Siempre hay algún balcón encendido, en el edificio frente al hotel, que permite imaginar la vida que transcurre en aquel piso: unos pocos cuadros, pero de gran tamaño, en las paredes, unos muebles acogedores, lo que parece una televisión encendida. Ni una sola figura humana, ni siquiera su sombra. La discreción incluso cuando es de noche y no hay apenas nadie que pueda estar espiándonos.

Recordaba, del viaje anterior, otra sauna, en una calle transversal de la Canebière, que resultó ser un fiasco: estaba casi vacía, y, como me ha pasado otras veces, me habrá robado tiempo para conocer lugares de mucho mayor interés en la ciudad. Pero son esas horas muertas e irrecuperables las que se recuerdan a veces con más intensidad, más incluso que las bien aprovechadas.

Julien, creo que ese era el nombre del marinerito corso. Y ahora que le he estado dando vueltas, imagino que por ahí deben de andar su número de teléfono e incluso su dirección. Cómo insistió para que lo acompañara en el ferry donde trabajaba. Hacía la ruta Marsella-Ajaccio y salía al día siguiente. Me dijo que se quedaría tres días en Córcega y que me enseñaría la isla. Durante un tiempo fantaseé con ese viaje no realizado.

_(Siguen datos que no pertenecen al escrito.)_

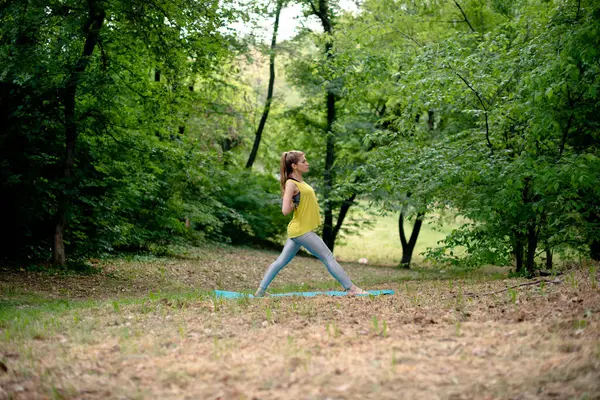 doğada Yoga egzersiz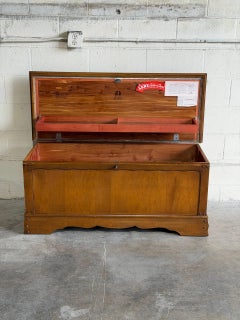Lane Cedar Chest Wooden Storage Trunk Blanket Box Mid-Century Modern 1960s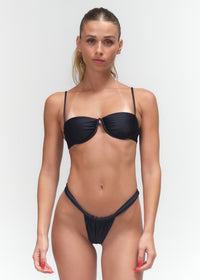 ÉTOILE NERO FLIRTY BOTTOM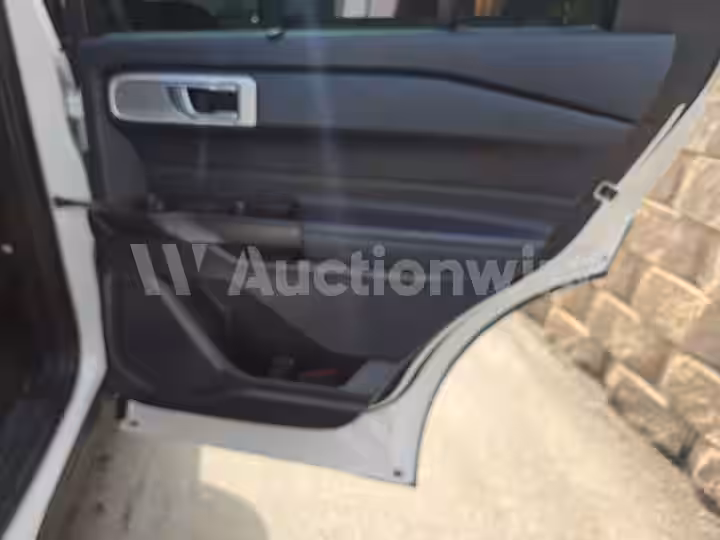 Ford Explorer 2020 — 42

Sé que la vida de Petrarca estuvo muy vinculada a Aviñón, pero ni en el viaje anterior ni en este encontré referencias a él. Hay que volver con más tiempo, con más información.

La única librería a la que entré en Marsella resultó ser de temática cristiana. Había algunos libros de literatura –nada de poesía, sin embargo–, entre otros la que debe de ser la última novela de Patrick Modiano, un autor al que adoro. Cualquier frase de Modiano se proyecta en tres direcciones: un pasado incierto y semiolvidado, un presente de recuerdos tenaces y un mundo de libres imaginaciones que el lector produce al contacto con su prosa. Es una experiencia que roza el abismo, inquietante y reconfortante a la vez.

Como el azar planeó que mi segundo hotel se encontrara muy cerca de la rue Grignan, donde está el Museo Cantini, y aunque había desistido de comprar el catálogo de la exposición Perahim porque había fotografiado los cuadros principales y me llevaba, en cierto modo, la exposición conmigo, decidí acercarme al museo a ver si hoy sí podía comprarlo. Necesitaba llevarme la exposición completa y en un formato mucho más manejable que el de unas fotos guardadas en un móvil. Lo cargué en la mochila durante toda la tarde, en detrimento de mi maltratada espalda.

La canalla de Marsella se encuentra en las peluquerías afro, en los restaurantes tunecinos, en las tiendas de ropa senegalesa, en los cafés argelinos. Es una canalla acogedora. Bastaría hablar algo de árabe o wolof para sentirse parte de ella.

Imagino que una rata escala por la pared del segundo hotel, se introduce en mi habitación por alguna de las tuberías del baño, se encarama a la cama donde duermo y se acurruca a mi lado para que yo la acaricie. Lo siento, pero me parecen unos animales adorables y creo que, en su voracidad, su desamparo y su soledad, son los que más se parecen a nosotros.

La niebla fue acumulándose, en el viaje en tren de Marsella a Aviñón, sobre los campos, entre las casas, por los caminos silenciosos. La confundía con el atardecer –y en realidad era parte del atardecer–. Daban ganas de bajarse en una de esas pequeñas estaciones provenzales y quedarse un rato aspirándola, sintiendo cómo la niebla, por mucho que nos protejamos, acaba formando parte del cuerpo, nos atraviesa, nos difumina, nos disuelve como hace con la última luz de cada día.